Thank you, Mr. Chair. I'm going to be moving to my conclusion shortly. I appreciate the committee's patience, because this is an extremely important issue.
How we calculate the inflation rate is something that I know all members find interesting, because it has such a marked impact on our daily lives. We need to know that our inflation rate is accurately calculated. It should include all of the essential goods that appear in the Bank of Canada calculation of the monthly variation in prices on which the annual estimate of the inflation rate is based. Certainly, the fact that there are regional variations is something we have to take into consideration as well.
We should be studying these regional variations with attention. Only careful study will give us an accurate picture of the inflation rates in each of the regions of our vast country, because there are significant differences, without a doubt. Because of the resource base in various parts of the country, there are substantial differences in the composition of our national basket of goods and services.

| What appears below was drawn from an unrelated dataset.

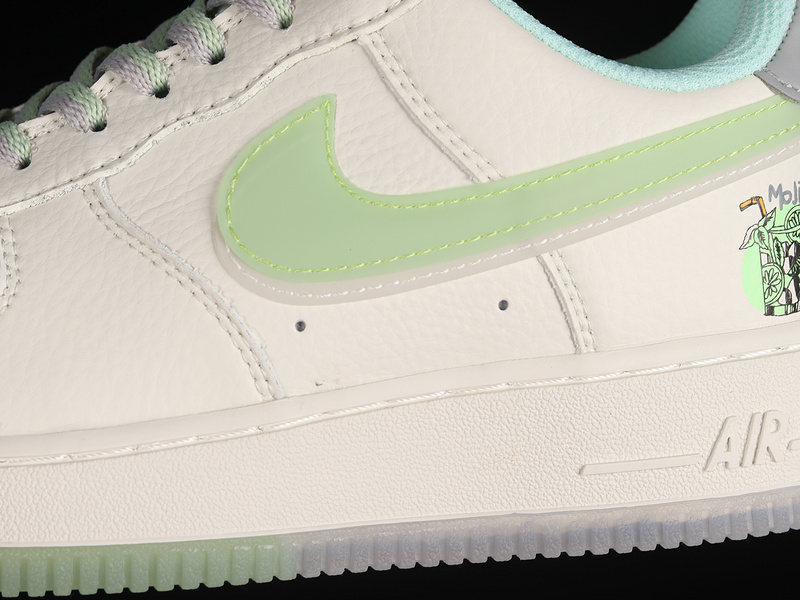 Air Force 1 Low Lv8 Double Swoosh White/Blue/Green 25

The Bank of Canada does a passable job in representing this core inflation rate. Surely no member of this committee would disagree with the idea that the inflation rate is much less punitive than imposing what we have in the current wording of Bill C-24, where we take the Treasury Board rate plus 4%. This ensures that we have an interest rate that not only respects the fact that the Government of Canada is not receiving those funds, but also respects how difficult it has been for softwood companies over the past few years and how difficult it will continue to be for them. Any interest that is owed is based purely on the core measure of inflation, as opposed to the kinds of penalties we see in clause 4.
I'd like to thank the committee for its indulgence in hearing me out on the inflation rate. It's certainly a passionate subject for me, and I appreciate the opportunity to speak on it.